Ognuno appartiene alla cultura di formazione. La cultura può creare soltanto un confronto più dialettico ma non lega le parti. Questo significa che non può esserci una storia condivisa.
Non ha alcun senso. D’altronde la storia cosa è? Politica, cultura e lettura della cronaca. Ovvero formazione e presente. Un modello di «civilizzazione» delle civiltà e degli uomini. Le civiltà non sono mai state unitarie sin nella loro identità. L’antropologia in fondo misura proprio le radici, le origini, i modelli di appartenenza che diventano elementi identitari. Ma in nessun campo della dialettica può esserci omogeneità.
Noi, i nostri padri, i nostri nonni, siamo eredi di divisioni. Anche le religioni sono divisive e creano posizioni divertenti. Il cosiddetto «immaginario collettivo» è una frase di una banalità assoluta. Il concetto di immaginario è dato da una immagine diventata storia e che è diventata la stessa per tutti. Non può essere così.
Ognuno di noi si approccia a una immagine con il proprio occhio e il proprio pensare e quindi la vede e la sente unicamente con la sua formazione. Il concetto di collettivo è un termine così errato che slega l’immaginario stesso.
Cosa fa da collante? Collettivo uguale collante. Può essere anche. L’immaginario è un collante? Ma per chi? Per chi cerca la condivisione su proprie posizioni. E non è così. Proprio perché ogni porta una sua consapevolezza. Potrebbe essere usato il termine universale? Immaginario universale?
Anche questo presenta le sue riserve ma è già diverso perché non invita a un collante. Come è errato parlare di immaginario di tutti. Se siamo diversi? Perciò credo che si debba parlare di immaginario individuale che incontra altri immaginari. Ecco perché la cultura non unisce.

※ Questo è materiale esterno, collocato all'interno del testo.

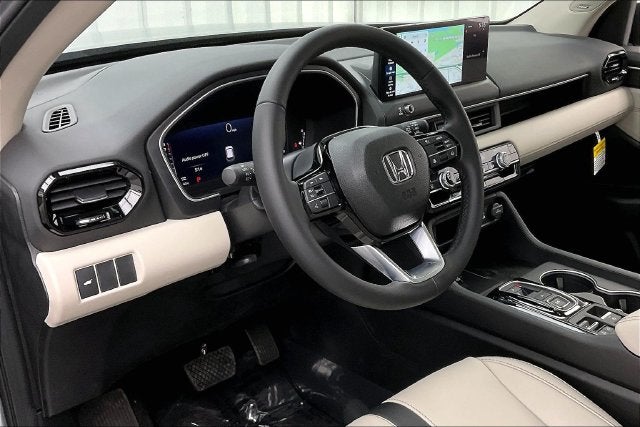 2026 Honda Pilot Touring InStock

Si può fare Cultura ponendo insieme porzioni di posizioni formative con una capacità di non raggiungere il conflitto e lo scontro. Ovvero si parla di compromesso. Ancora una volta la deduzione è che la cultura parla chiaramente in linguaggio diverso dalla politica ma questo non significa che le stesse formazioni si assommino. Viviamo in un modo che presenta le sue parti. È stato sempre così.
Non necessariamente occorre dividere. È importante confrontarsi senza mai peccare di presunzioni e di arroganza. Ci riusciremo? Non credo. Ognuno ha un proprio mondo da vivere che ha le sue eredità. Ognuno di noi è un’isola che la abita con la sua consapevolezza e la sua storia. Il resto è un parlare soltanto. Antropologicamente l’immaginario universale è solo teoria. L’uomo è unico. Le civiltà sono unioni di culture. Le culture sono scavi di radicamenti materiali e immateriali. Ognuna di queste culture ha una formazione etnica e una visione soprattutto della vita. Viviamo un tempo divisivo. Forse è giusto che sia così. La politica è una divisione ormai antropologica.